Sometimes as parents we find ourselves doing things that aren't particularly efficient. I'm loathe to tell anyone they're doing something the wrong way (not only because there are a lot of other people out there eager to). I do, however, think that the way some parents do things is inefficient. Most likely we'll all get to the same place, in (mostly) one piece. But if you knew a better way to go, a way that got you there faster and with less frustration, wouldn't you want to go that way?
I'm not promising a walk through the park. Even when driving the most efficient way, sometimes, like during a snowstorm, it is not going to be fun driving to the grocery store. Sometimes there's construction, or a really, really slow car in front of you. A lot of things are out of our control. Still, I'm happy I found the more efficient way to drive to the store and I wouldn't go back to driving the other way just because once in awhile I get caught behind the garbage truck.
Sometimes, we are aware there is a more efficient way to go, but we don't know how to do it. Our autopilot comes on and before we know it, we're going down the least efficient route. After you get home and remember you could have gone a different way, you become even more frustrated with yourself. Here is where you need to remember: noticing is the first step. Instead of berating yourself for going the wrong way, be happy that not only do you know that there is a better way, but that you were able to realize that you didn't go that way. Not everyone has that awareness.

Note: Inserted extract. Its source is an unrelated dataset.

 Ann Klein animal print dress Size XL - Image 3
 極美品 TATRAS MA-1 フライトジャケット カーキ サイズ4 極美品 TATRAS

Eventually, you will be able to notice that you are headed down the inefficient path in the middle of your drive. You can be frustrated and continue that way, or, you can try to correct your course and see if you can get on the more efficient path. Either way, you're noticing a little earlier and that should be celebrated. If you keep lauding yourself just for noticing, eventually you'll be catching yourself before you head on the inefficient path. You will have achieved your goal of changing the path you're on.
If you've been on the inefficient path for a long time, it will not be easy to change your way, but it can be done. Just remember: noticing is the first step. Meet yourself with self-compassion. You can do it.
For Further Thought:
1) What is it that you would like to do more efficiently as a parent?
2) In what ways can you support your noticing?
3) When in the past have you successfully changed a habit?